> **PROVIDED DATA**:
------------------------------------
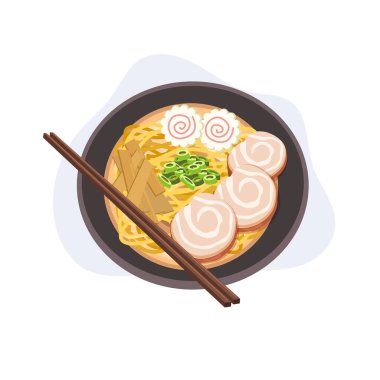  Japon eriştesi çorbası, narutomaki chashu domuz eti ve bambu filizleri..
------------------------------------
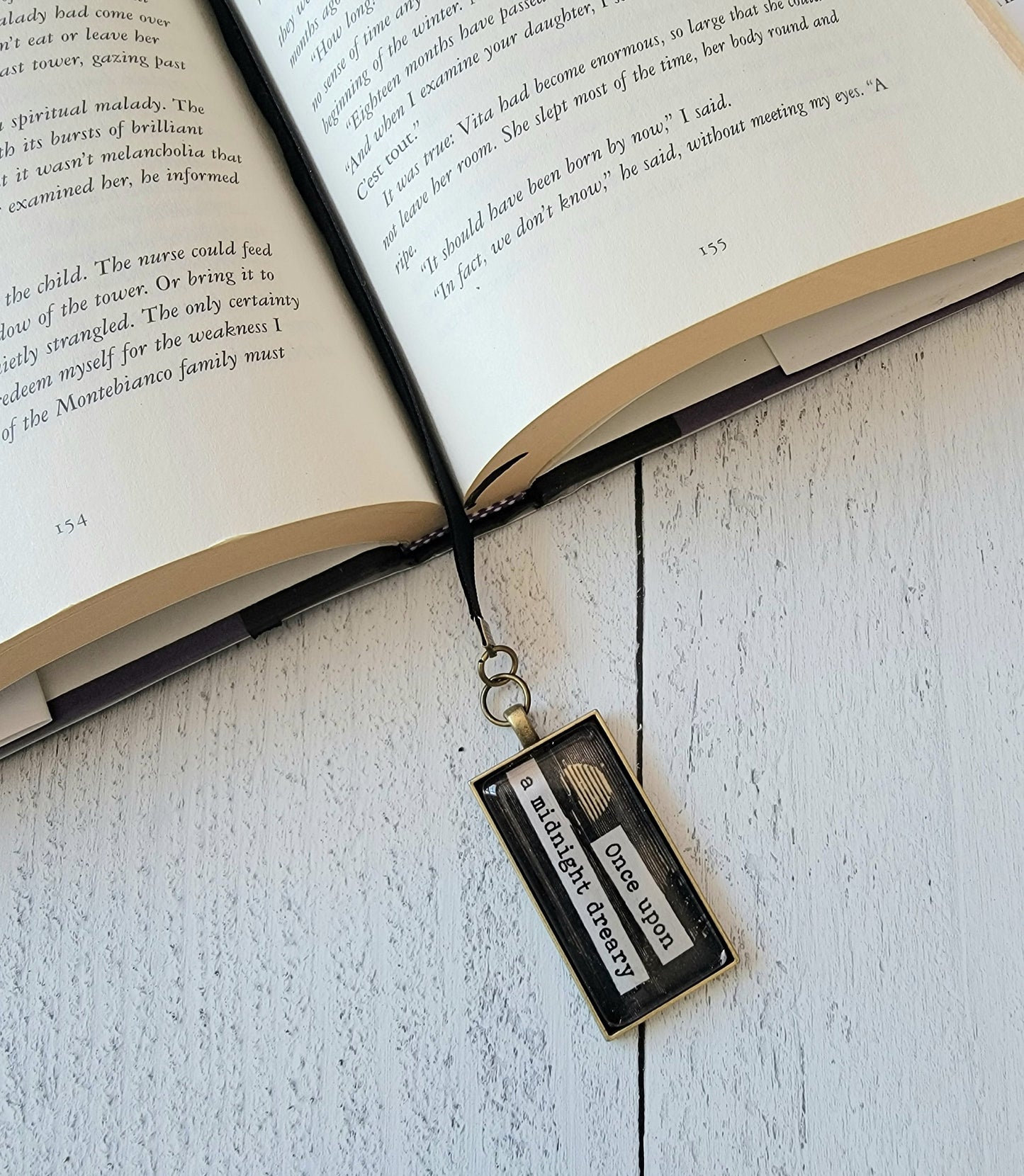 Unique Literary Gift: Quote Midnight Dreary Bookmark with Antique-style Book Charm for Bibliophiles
------------------------------------
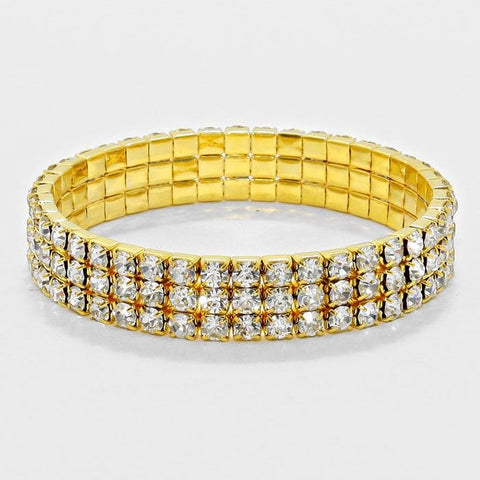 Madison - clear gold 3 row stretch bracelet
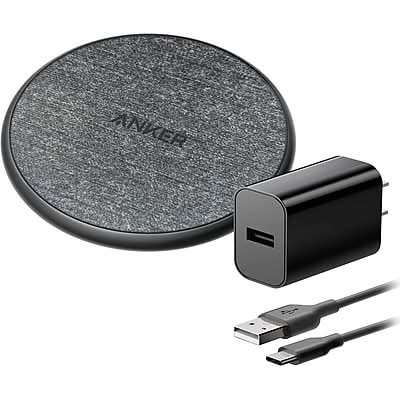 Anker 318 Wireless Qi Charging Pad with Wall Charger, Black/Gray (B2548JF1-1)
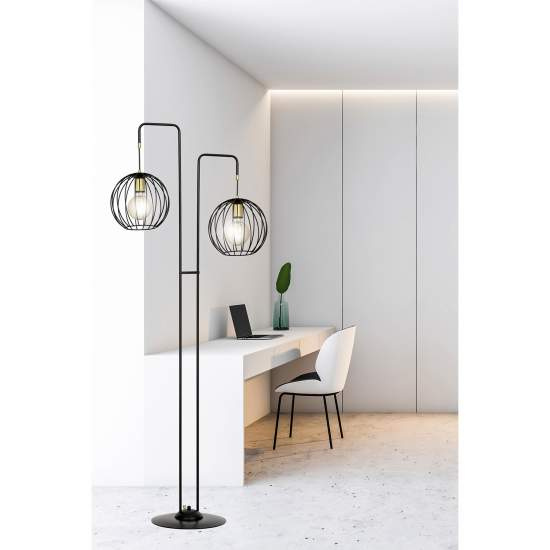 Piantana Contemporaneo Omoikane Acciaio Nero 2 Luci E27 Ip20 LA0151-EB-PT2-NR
------------------------------------
> **ACTIVITY**: Repeat, word for word, the lines of the material above from the one holding "Madison - clear gold 3 row stretch bracelet" through the one holding "Piantana Contemporaneo Omoikane". Leave out pictures.

> **RESULT BELOW**:
 Madison - clear gold 3 row stretch bracelet
 Anker 318 Wireless Qi Charging Pad with Wall Charger, Black/Gray (B2548JF1-1)
 Piantana Contemporaneo Omoikane Acciaio Nero 2 Luci E27 Ip20 LA0151-EB-PT2-NR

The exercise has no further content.